Grades K-2: Lesson 1: Maslow’s Hierarchy Dont USE ME





The purpose of this lesson is to help students understand the difference between a want and a need and help them gain an awareness of the levels in Maslow’s Hierarchy and connect them to the students’ lives.


Google Slides – English

Google Slides – Spanish


  • I know what my body needs.
  • I know what my mind needs.
  • I know what makes me happy.
  • I feel like I belong with my family and friends.
  • I like who I am.
  • What is a goal I can set?

Lesson Content

Our well-being is how happy and healthy we are. This includes our body, mind, and heart. There is a difference between what we want and what we need. When our needs are met, we are happier and healthier.

Lesson Plan

Activity 1: (15 minutes) Want vs. Needs

Ask students what they need to have in life to survive. Listen for things like water, food, sleep, and air to breathe. Prompt students if needed.
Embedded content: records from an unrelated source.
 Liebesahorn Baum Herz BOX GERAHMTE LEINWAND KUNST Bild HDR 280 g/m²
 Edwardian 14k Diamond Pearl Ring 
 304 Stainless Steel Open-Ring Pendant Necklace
When an idea is suggested that is a want instead of a need, discuss the difference between a want and a need.

  • need is something we have to have to survive.
  • want is something we like but doesn’t hurt us when we don’t have it.

Display the Want vs. Needs T-chart. Hang the T-chart for students to see. Show students the picture cards and ask if it’s a want or a need. Tape the picture cards onto the displayed T-chart to refer to.
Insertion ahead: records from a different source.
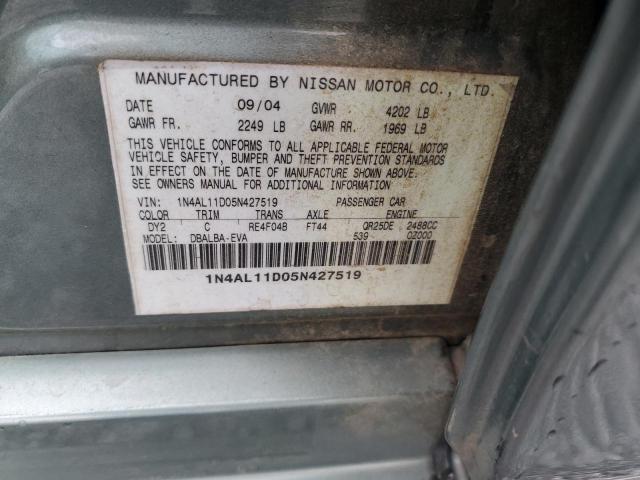 Photo 11 VIN: 1N4AL11D05N427519 - NISSAN ALTIMA S 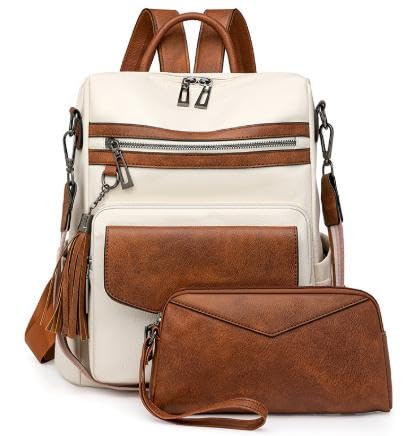 VINBAGGE Rucksack Damen Klein Cityrucksack Leder Rucksack Freizeitrucksack Reise Arbeit Schule Handtasche Rucksackhandtasche Laptop Tagesrucksack mit Handgelenktasche Geldbörse 2 Pieces - Weißbraun von VINBAGGE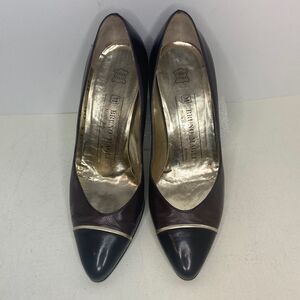 Vintage Bruno Magli All Leather Brown & Gold Pumps, Size-5.5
Students could also complete this activity in small groups or as partners.

Activity 2: (15 minutes) Pyramid of Happiness

Show students Maslow’s Hierarchy or the Pyramid of Happiness anchor chart. Explain how each step is like a level of happiness and the higher up we go, the happier we can be.

Display the slideshow and move through each level of the Pyramid of Happiness. Stop at each level and teach students an action that matches the level indicators.

  • Basic Needs: rub tummy and pretend to drink (food and water)
  • Safety: put arms up above head with fingers touching to make a roof shape (shelter)
  • Love: wrap arms around oneself in a hug (connection)
  • Esteem: strike a superhero pose (believing in one’s self)
  • Self-Actualization: star jump with arms and legs spread out (being one’s best, superstar self)

Practice matching the movement to each level by calling out the names of the levels and allowing students to make the movement.

Activity 3: (10 minutes) Pyramid of Happiness

Give students an empty Pyramid of Happiness worksheet and have them draw pictures or write words inside the spaces to represent what they have in their life for each level. They might include their favorite foods, house, family members, things they like to do, and things they are good at.

Activity 4: (25 minutes) Read-Aloud

Read the book Chrysanthemum by Kevin Henkes. Have a class discussion.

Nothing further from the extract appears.